Il est maintenant acquis que la suspension du droit à l’avocat sera justifiée en présence de circonstances exceptionnelles : si la sécurité des policiers ou celle du public est menacée, s’il existe un risque imminent que des éléments de preuve soient détruits ou perdus ou qu’une autre opération policière en cours puisse être compromise.
[65] Les policiers ne peuvent pas suspendre le droit à l’avocat simplement pour se faciliter le travail : R. c. Simon, 2022 QCCA 634. À l’évidence, un individu en état d’arrestation est entièrement sous le contrôle des policiers.
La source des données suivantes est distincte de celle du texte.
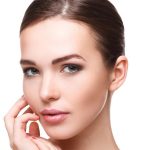 Rostro de porcelana y sin manchas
Le risque de l’exercice du droit à l’assistance d’un avocat est que ce contact avec l’extérieur compromette l’opération policière.
[66] Le juge Wagner, alors juge à notre Cour, reconnaît dans l’arrêt Archambault, comme l’écrit la juge d’instance, qu’il « est maintenant acquis que la suspension du droit à l’avocat sera justifiée en présence de circonstances exceptionnelles : si la sécurité des policiers ou celle du public est menacée, s’il existe un risque imminent que des éléments de preuve soient détruits ou perdus ou qu’une autre opération policière en cours puisse être compromise » : R. c. Archambault, 2012 QCCA 20, par. 36; R. c. Lapaix, 2021 QCCQ 8604, par. 38.
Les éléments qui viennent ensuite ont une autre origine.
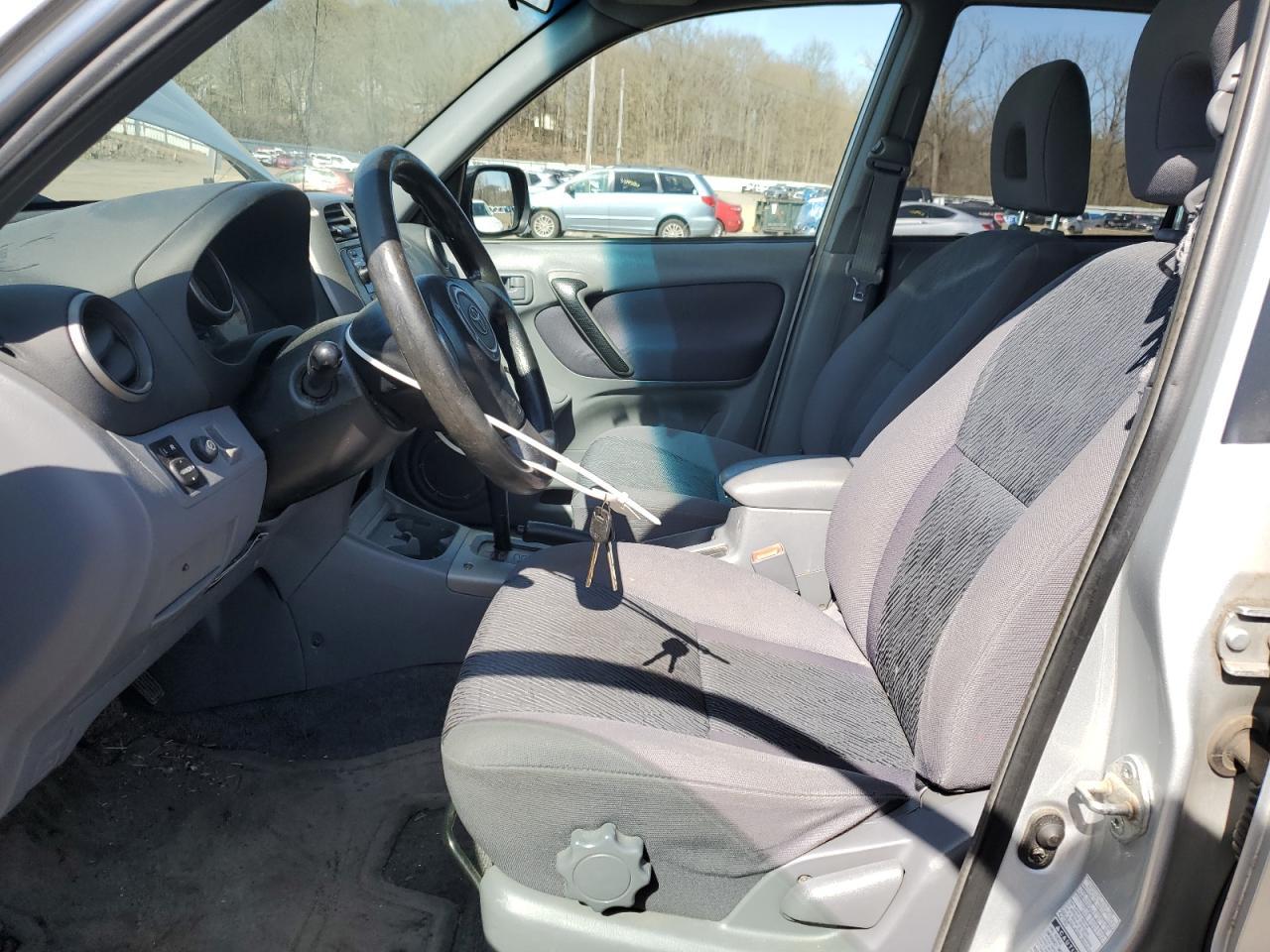 2003 TOYOTA RAV4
[67] Dans l’arrêt Archambault, l’enquête policière établissait que ce dernier était en contact régulier avec un criminel violent appartenant à un gang de rue. Les policiers étaient en observation d’un entrepôt où Archambault et un dénommé Scallon s’affairaient à la fabrication d’armes illégales. Ayant entrepris les démarches pour obtenir un mandat de perquisition, les policiers avaient constaté alors que les deux individus s’apprêtaient à quitter les lieux et, craignant qu’ils transportent avec eux des armes, ils avaient décidé de procéder à leur arrestation. Les individus ont été informés que l’exercice de leur droit constitutionnel était suspendu jusqu’à l’obtention du mandat de perquisition et, dans l’attente, ils ont été laissés, menottés, dans les véhicules de police.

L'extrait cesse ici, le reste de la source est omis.